Okay ich bin Fan. Und das sage ich, obwohl mir die Backstreet Boys Euphorie nie geheuer war, ich nie verstand, warum alle bei Brad Pitt kreischen und ich bei Justin Bieber’s „Sorry“ nur skeptisch eine Augenbraue hochziehe. Aber letzten Dienstag war alles anders. Zum ersten Mal wurde der Dieter-Hildebrandt-Preis verliehen und zwar an Claus von Wagner. Die Laudatio hielt Max Uthoff – muss ich noch mehr sagen?

Nein, muss ich nicht. Denn ich war selig, beziehungsweise lachte ich selig wie die 340 anderen geladenen Gäste im Saal des Alten Rathauses. Gut, Dieter Reiters Begrüßung ließ an Scharfsinnigkeit noch zu wünschen übrig, aber das änderte sich spätestens als Max Uthoff nach der Ansprache der Witwe, Renate Hildebrandt, die Bühne betrat.

Der beanstandete gleich, dass die Stadt München eigentlich zur Beerdigung von Dieter Hildebrandt, dem Namenspatron des Preises, Mitbegründer der Lach- und Schießgesellschaft und der Polit-Satiresendung Scheibenwischer, 2013 ein Museum versprochen hätte und nicht nur ein Kabarett-Preis. Das wäre der Stadt natürlich wesentlich teurer gekommen, als der mit 10.000 Euro dotierte Preis, aber Uthoff wolle an diesem Abend nicht kleinlich sein. Auch dass die Jury aus einigen Stadträten – also Politikern und somit aus Kanonenfutter für die Anstalt – bestand, ließ Uthoff eher einen Art Täter-Opfer-Ausgleich vermuten. Aber gut.

Claus von Wagner

Mit 38 Jahren sei er eigentlich noch viel zu jung für den Preis, meint Wagner.

Über die Arbeitsweise seines Anstalts-Kollegen ließ Uthoff indes nichts kommen. 1,96 Meter stehen da voll und ganz für die Kleinkunst ein. An Fleiß und Schnelligkeit, mit denen sich von Wagner in neue Themen einarbeite, habe er rein gar nichts voraus. Aber immerhin beute von Wagner nur sich selbst aus, also Schwamm drüber. Schauspielerisches Talent trifft bei von Wagner auf scharfzüngig waches Polit-Kabarett, das genau in den richtigen Wunden herumstochert. Dort nämlich, wo geflüchtete Menschen zur Flüchtlingskrise gemacht werden, eine Obergrenzen für die Menschlichkeit gefordert wird, die Abschottung Europas von Nationalisten vorangetrieben wird und man planlos nach der deutsche Leitkultur verlangt, die es so eigentlich gar nicht gibt.
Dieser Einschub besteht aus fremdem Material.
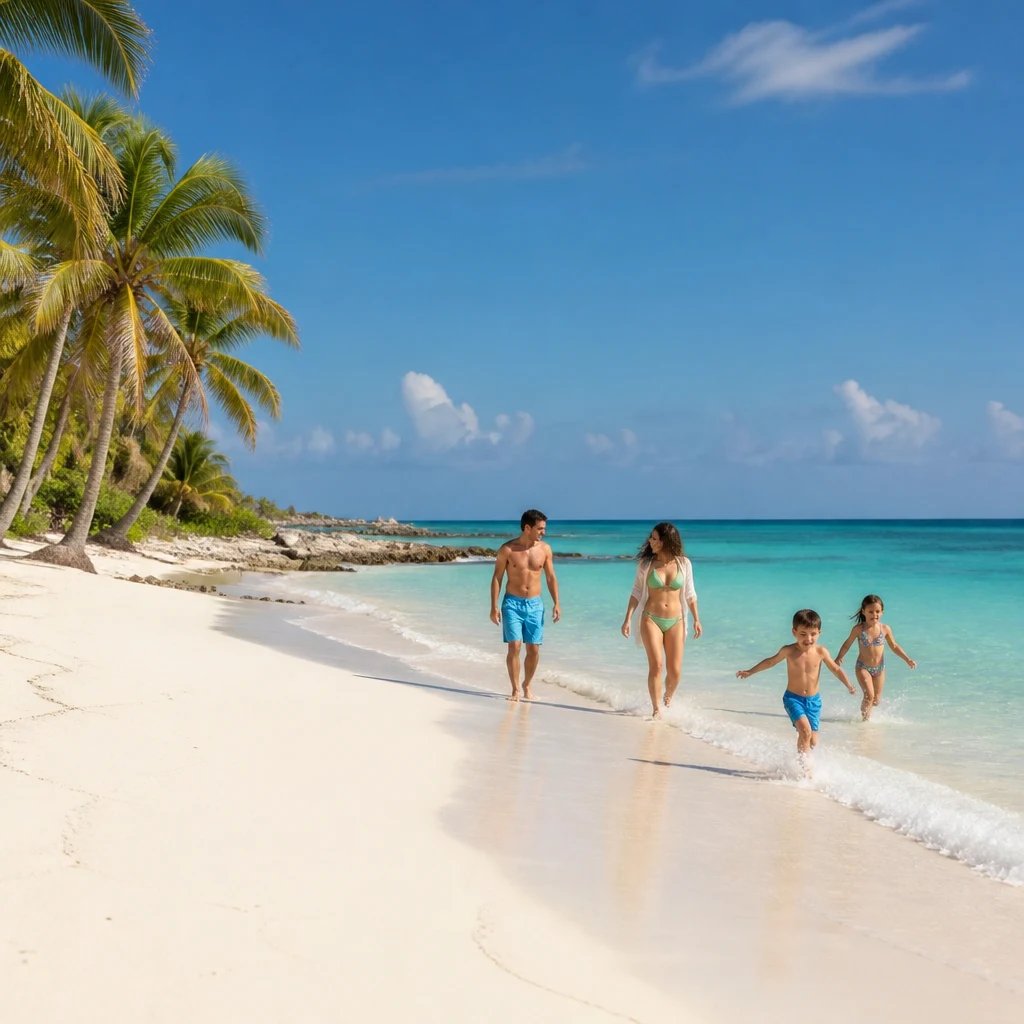 Beat Spring Break Crowds: 10 Budget Stay Spots in Cancún
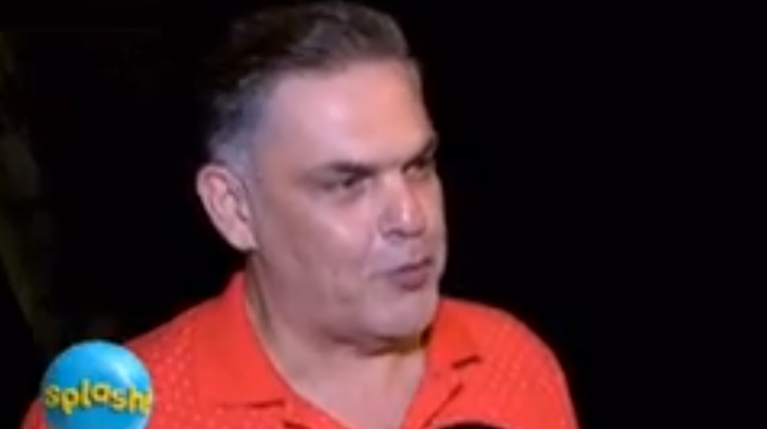 Αντώνης Λουδάρος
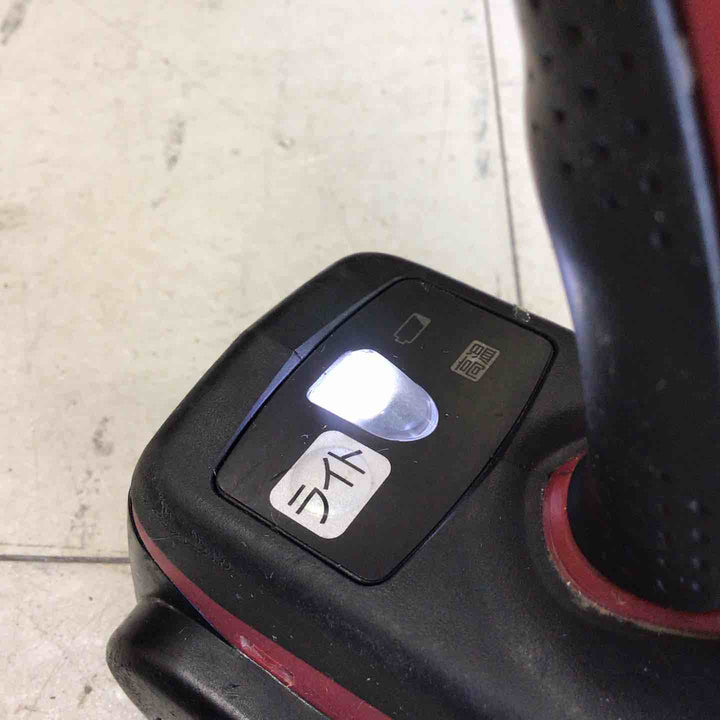 【中古品】 パナソニック/Panasonic コードレスマルチインパクトドライバー EZ7542LN2S-R 【鴻巣店】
So von Wagner auch in seiner Dankesrede.

Es braucht Menschen wie Claus von Wagner und Max Uthoff, und ja, auch Jan Böhmermann, die Kabarettsatire machen und – die Reaktionen darauf auch aushalten. Dafür wurde Claus von Wagner am Dienstag ausgezeichnet.

Abgesehen davon ist er der beste Beweis, dass aus Kommunikationswissenschaftlern, die aus Miesbach stammen, etwas Anständiges werden kann. Grund genug um Fan zu sein, finde ich.